In this review, we did not perform a formal quality or risk of bias assessment as our focus was primarily on mapping the types and areas of Big Data applications in higher education, aligning with this study's descriptive and exploratory nature. The review was not registered. Online first (ahead of print) articles were also included in the review.
In presenting the findings, we were guided by the tripartite approach (Daniel & Harland, 2017), which suggests systematic review studies should be described, synthesised and critically evaluated to provide new insights for further research.
We used descriptive statistics to summarise the findings of the review. Figure 2 presents the number of published articles per year. As shown from the figures, the number of articles published per year shows an upward trend, implying that the interest in research into the role of Big Data in higher education continues to grow globally.
The majority of the papers were from the US (f = 14), followed by papers co-authored with scholars affiliated with universities in different countries (f = 8), Spain (f = 7), the UK (f = 6), China (f = 5), Indonesia, Finland and Australia (all had a frequency of f = 3), Türkiye, Singapore, Japan, Italy, India and Ecuador ( all had a frequency of f = 2), and Vietnam, Sweden, South Korea, Philippines, Ireland, Iran, Greece, Czechia, Chile, Canada and Belgium (all had a frequency of f = 1).
In synthesising the findings, we grouped the publications into three main use categories: Big Data's role in supporting learning, teaching, and administration (Daniel, 2015). As will be seen later, some could not be classified into either of these, and we included additional categories (see Fig. 3).

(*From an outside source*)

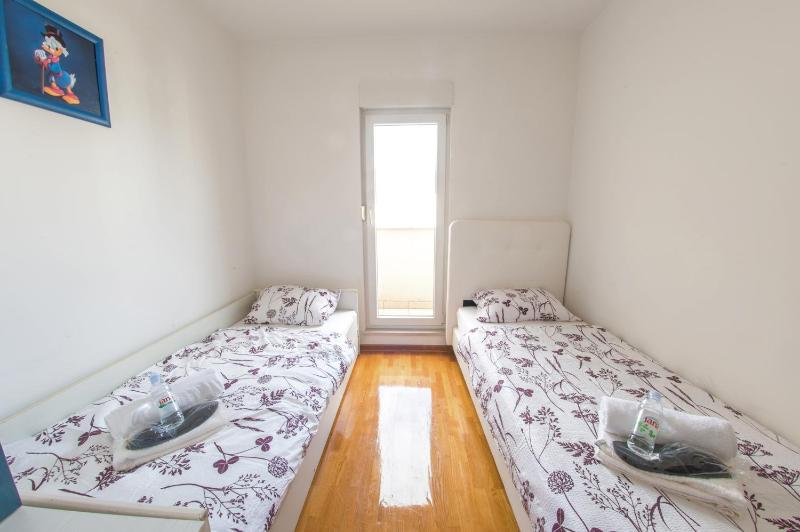 Apartment Orca Centar and free garage parking - image 16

At the time of the review, most published studies focused on supporting students' learning or various aspects of it. One of those aspects is the discourse of Big Data as it relates to predicting student performance. For example, Castells et al. (2020) and Perez and Gonzalez (2016) presented a tool that predicts students' performance, while Prieto et al. (2020) presented two case studies related to the development of a data visualisation tool that analyses student performance and facilitates conversations between students and councillors. Furthermore, Gutiérrez et al. (2020) presented a learning analytics dashboard that uses a multilevel clustering algorithm to predict a student's success in an academic programme and then depicts that chance along with information on the quality of the prediction. Other studies reported using learning analytics to generate student dashboards (Ramaswami et al., 2019); dashboards display an individual's activity or performance and compare it to the average in the class or use an explainable LM algorithm (Afzaal et al., 2021). Researchers have also used students’ data to identify the factors behind the predicted performance in quizzes and assignments and provide information on how the prediction could be improved by listing activities to be performed (e.g. watching a video) (Azcona et al., 2017).
In addition to the development of dashboards, researchers (Lonn et al., 2015) also endeavoured to discover the relationship between advisors’ use of learning analytics early warning system, which used information from a learning management system to provide weekly updates about student engagement and performance to advisors, and their students’ performance during a summer bridge program. Also, researchers used on-campus geolocation data to identify study groups and examine the performance among group members (Azcona et al., 2017) or examined the link between learning input (the frequency of playing videos) and performance (Ji & Han, 2019). Similarly, others discussed the associations between performance, submission time and the number of submissions, how work at night or weekends impacts performance, or how different group work patterns affect performance (Apiola et al., 2019).
Other uses of Big Data included the prediction of whether students will graduate within four years (He et al., 2018), examining the relationship between performance and digital footprint, identifying engagement patterns as an early predictor of performance, and correlating performance at an early stage and overall performance (Summers et al., 2021). The research examined the effect of intervention in the form of guidance and recommendations (prepared by the teacher and based on learning analytics) on students' academic self-efficacy and problem-solving skills (Karaoglan Yilmaz, 2022) as well as developing tools (Broos et al., 2018) that provides feedback about the performance on a positioning test (abilities to solve math problems). Studies reported the effect of learning analytics intervention on student performance in a blended course (Gong et al., 2018; Zhang et al., 2020), applied uplift modelling to demonstrate that offering tutorials to students with the most considerable likelihood to be retained as a result of the tutorials, boosts the effects of such retention efforts (Olaya et al., 2020).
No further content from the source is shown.